Written by: Rhonda Sue Page
Dare I ask how your holidays were?
I’ll place my faith that they went well unless you share otherwise……..but some of you might want to throw your shoe at me just for asking.
Maybe all that build-up to one season has just left you empty and tired and wondering why you try so hard. Maybe you didn’t get to spend time building the relationships you wanted to. Maybe someone special was missing and it sucked the joy right out of you. And just maybe it wasn’t ole santa whom you were expecting great things from.
It hurts when we plan for outcomes we don’t receive doesn’t it? When our expectations and hopes fall short at the hands of others, or events we don’t want………it’s not always easy to deal with the aftermath. Especially if it’s family or close friends.
I personally would like to hit myself with your shoe. I’m trying by God’s grace to learn to manage both my expectations and emotions. If you don’t know this already…..It is messy business. At least for me it is….
I had some painful younger years. They were marked with neglect, rejection and abuse. I’ve allowed myself to walk away and create something new and there was great grace on that for a time.
There is a shifting now. That season is drawing to a close. God is asking me to begin dealing with people I’ve allowed myself to walk away from.
It’s partly messy because I have to own it. Yuck. If I’m honest, I’d rather get rid of it.
Like that floral print dress that looked amazing on the mannequin but on me looks like grandma’s curtains. It’s so much easier just to put that sucker right back on the hanger and keep walking.
Great for clothes………but what if your issues involve actual people?
I think for me, the hardest part is that it costs something. You actually do pay a price for being in relationship with someone. Be it time, energy, attention, emotion or literal money, there is payment made. It seems like nothing when you want the relationship, but what if your not so sure?
Deciding how to spend well requires perseverance, faithfulness and the guidance of God’s Spirit.
Some of you may have relationships that overwhelm you with the amount you invest in them. Perhaps you care for an aging parent or a baby that wasn’t planned for yet. Maybe you carry financial burdens that you didn’t create in order to breath opportunities back into broken situations. Maybe your spouse can no longer care for themselves and you’ve taken on duties that tax and strain.
It’s so tempting to walk away.
When I look up and listen………….I hear Him say, “Don’t hide yourself away. This is what my grace is for.”
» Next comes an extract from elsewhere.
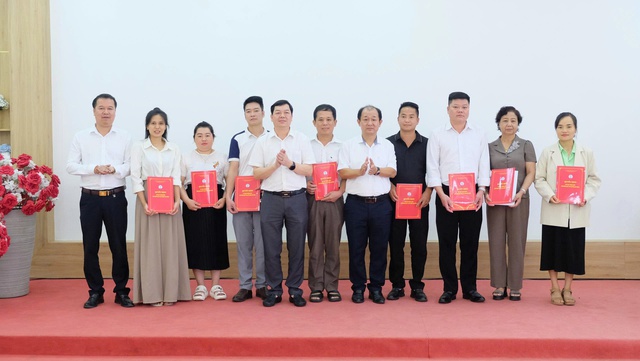 Khơi dậy tinh thần đổi mới, liên kết phát triển kinh tế tập thể- Ảnh 6. Khơi dậy tinh thần đổi mới, liên kết phát triển kinh tế tập thể- Ảnh 6.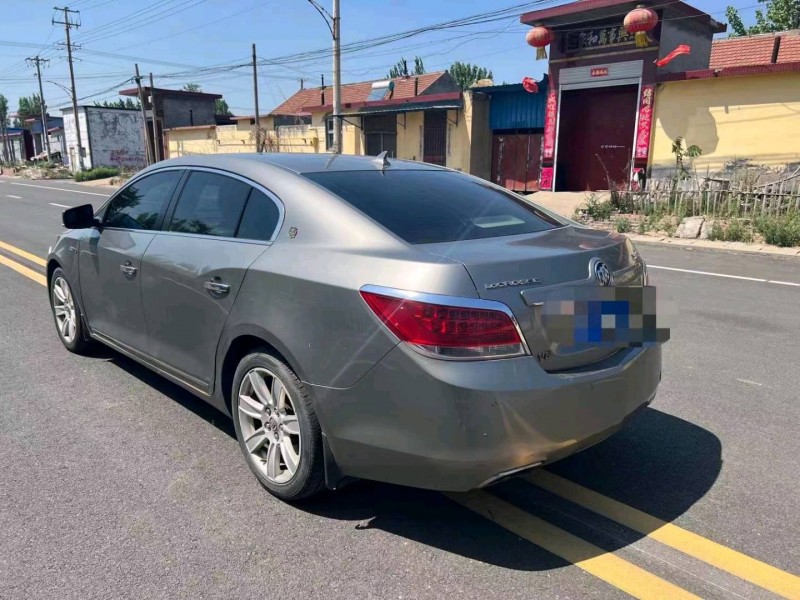 青岛10年别克君越4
That should be comforting, but in this moment……where I stand……It just hurts.
I want no part of the drama, the rejection, the negativity, the demands, the abuse.
You see, I want to believe the best……..But I must face a very real possibility that the people I’m in relationship with may never change. The question is …. will I?
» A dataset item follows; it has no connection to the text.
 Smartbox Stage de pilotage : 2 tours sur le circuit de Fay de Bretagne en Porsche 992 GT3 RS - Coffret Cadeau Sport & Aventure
Will I trust God? Will I believe that where He’s leading is better than where I am…no matter how comfortable I’ve become?
Will I pay the price to allow God to change me?
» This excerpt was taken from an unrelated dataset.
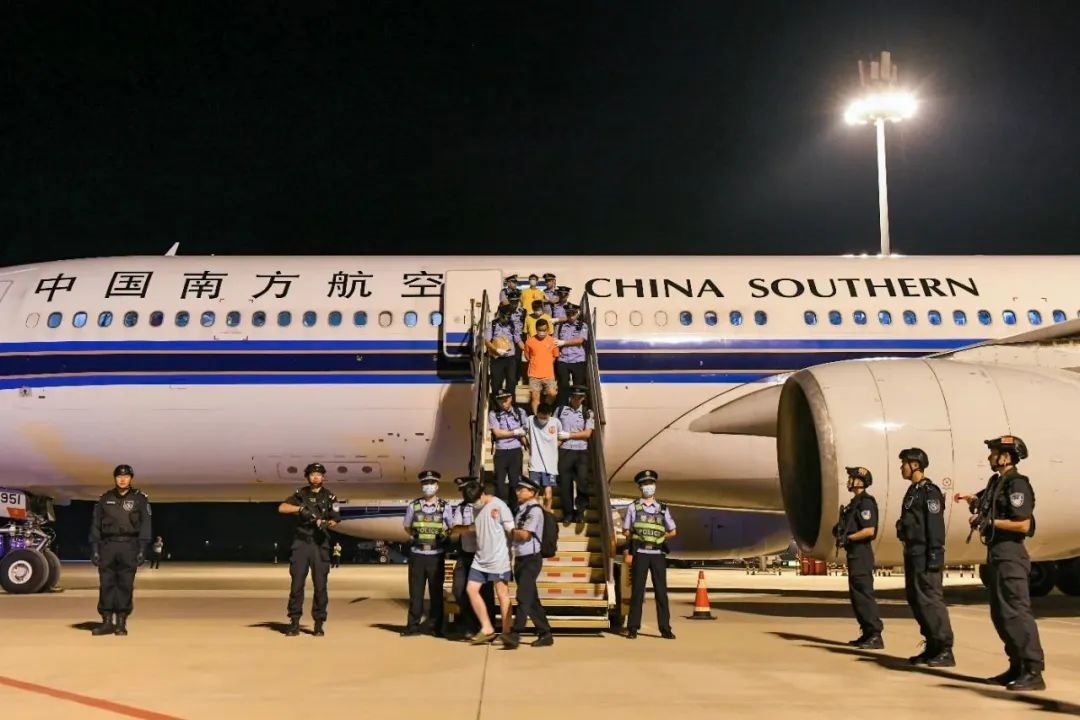 153名實施跨境裸聊敲詐的犯罪嫌疑人從印度尼西亞被押解回國。公安部供圖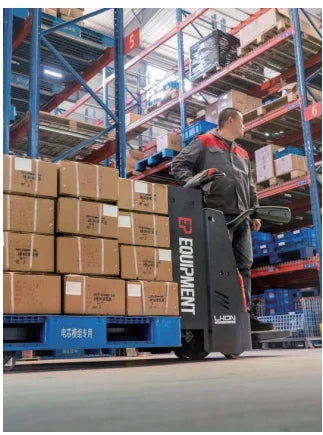 Der RPL201(H) bietet eine Hochgeschwindigkeitsoption, die die Produktivität in großen Lagern und Logistikzentren verbessert. Dadurch können Bediener Paletten schneller transferieren, ohne Sicherheit oder Kontrolle zu opfern.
Will I still trust Him if it all seems to fall apart before it gets better?
Will I still trust Him if I’m the only one who changes?
Will I allow Him to work out the brokenness and bind me to Him in ways that free me to love others unconditionally?
These questions help me form a “yes”. At my core they speak to the woman I want to be.
AND let’s face it, they are much better questions than the ones I started with. If you read closely, that might have had something to do with my focus:
Do I need or want any of this? Do I think this person is worth it?
Will it ever be good enough for me? Will I ever be good enough?
Will this relationship ever bring me joy or satisfaction?
In the end, when I stand before Him, I want it to be with the “yes” still on my lips. I want to be caught in the act of trusting Him no matter what the cost. Maybe you want this too and we can walk this road together.
I know today wasn’t the light-hearted talk you’re used to getting from me, but I’m hoping that if you relate…….we can encourage each other.
If I get off-track….throw your shoe at me. If you need to talk, I’ll listen without judgment. But before we part, we’ll both promise to remind each other that God is good and He has a plan to break us free of the dysfunction and instead bind us to His goodness in ways that benefit everyone we have relationship with.